Work instruction >>
Although the records contain pictures, the copy must not; reproduce everything else in them exactly.

Material for the task >>

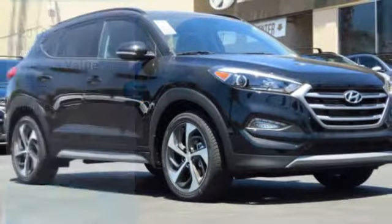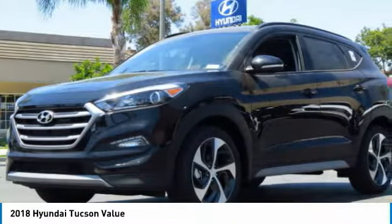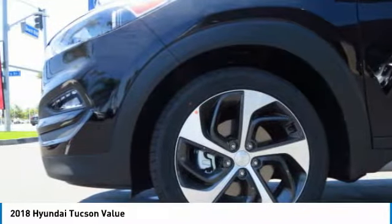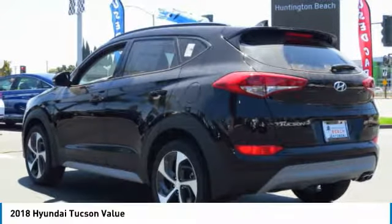Stop by and take a look at the 2018 Hyundai Tucson. The Hyundai Tucson is Hyundai's first CUV to be designed in Europe. Tucson takes the boxy utility vehicle and transforms it with flowing curves, graceful lines, and style to spare — it's the future of the crossover.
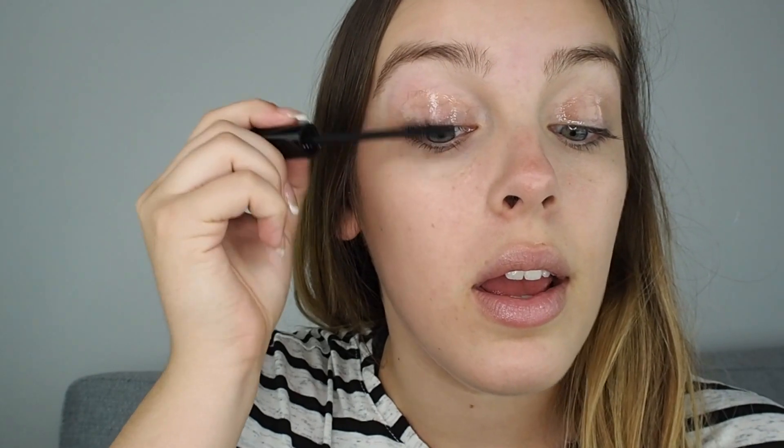A really essential step when doing this is definitely to curl the eyelashes. Your curlers will need a good wipe down after this. Then it's mascara time — I'm going to use the Two Faced Lashgasm for this. Get the hair out of the way and just apply as liberally as you can.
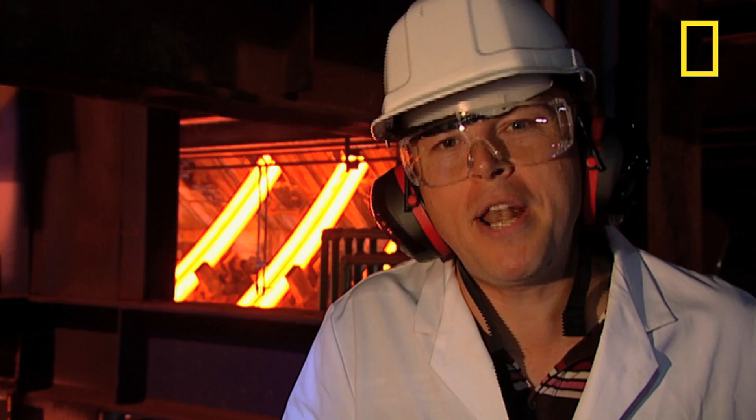That ribbon of fire is, of course, steel. Steel is the most popular metal on the planet. A billion tons is produced each year, every year, and our modern world just wouldn't be our modern world without it.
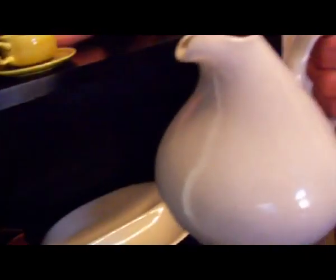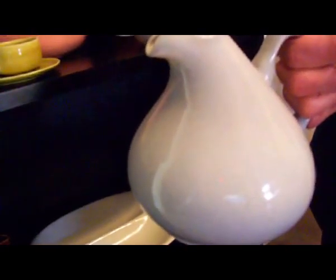We're here at one of the most amazing collections of Russell Wright since Andy Warhol's collection of Russell Wright. What are you holding right now? This is a water pitcher — it's the red brown.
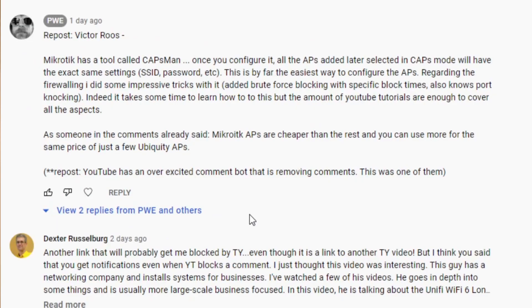Victor made a comment about MikroTik's CAPsMAN feature: once you configure it you can just add access points later on and they'll all get the same SSID and password. That's a very easy way to configure access points. And as others noted, the MikroTik AP is cheaper than the rest, so you can buy more of them for the same price as fewer Ubiquity access points.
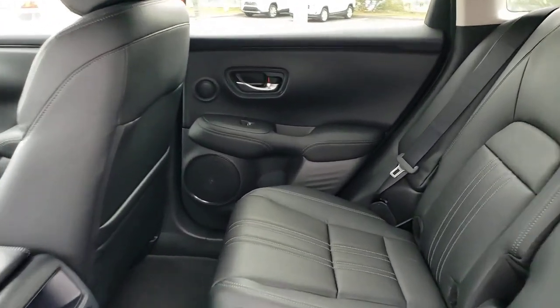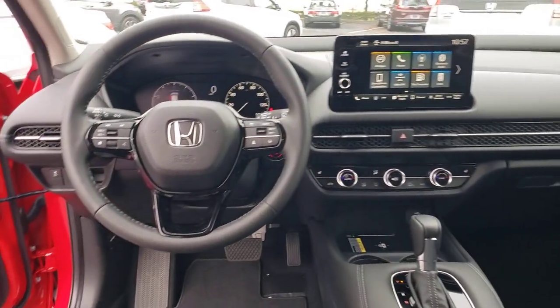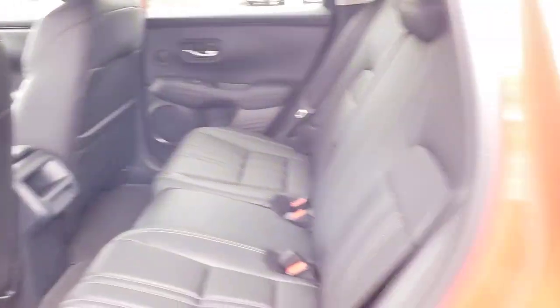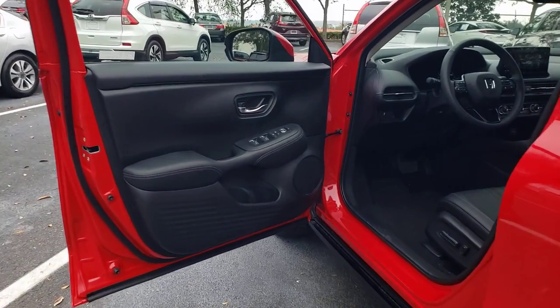The following are some of this vehicle's highlighted options: sun/moonroof, keyless entry, backup camera, satellite radio, keyless start, remote engine start, heated mirrors, adaptive cruise control, lane keeping assist, and steering wheel audio controls.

Output for this task >>
Stop by and take a look at the 2018 Hyundai Tucson. The Hyundai Tucson is Hyundai's first CUV to be designed in Europe. Tucson takes the boxy utility vehicle and transforms it with flowing curves, graceful lines, and style to spare — it's the future of the crossover.
A really essential step when doing this is definitely to curl the eyelashes. Your curlers will need a good wipe down after this. Then it's mascara time — I'm going to use the Two Faced Lashgasm for this. Get the hair out of the way and just apply as liberally as you can.
That ribbon of fire is, of course, steel. Steel is the most popular metal on the planet. A billion tons is produced each year, every year, and our modern world just wouldn't be our modern world without it.
We're here at one of the most amazing collections of Russell Wright since Andy Warhol's collection of Russell Wright. What are you holding right now? This is a water pitcher — it's the red brown.
Victor made a comment about MikroTik's CAPsMAN feature: once you configure it you can just add access points later on and they'll all get the same SSID and password. That's a very easy way to configure access points. And as others noted, the MikroTik AP is cheaper than the rest, so you can buy more of them for the same price as fewer Ubiquity access points.
The following are some of this vehicle's highlighted options: sun/moonroof, keyless entry, backup camera, satellite radio, keyless start, remote engine start, heated mirrors, adaptive cruise control, lane keeping assist, and steering wheel audio controls.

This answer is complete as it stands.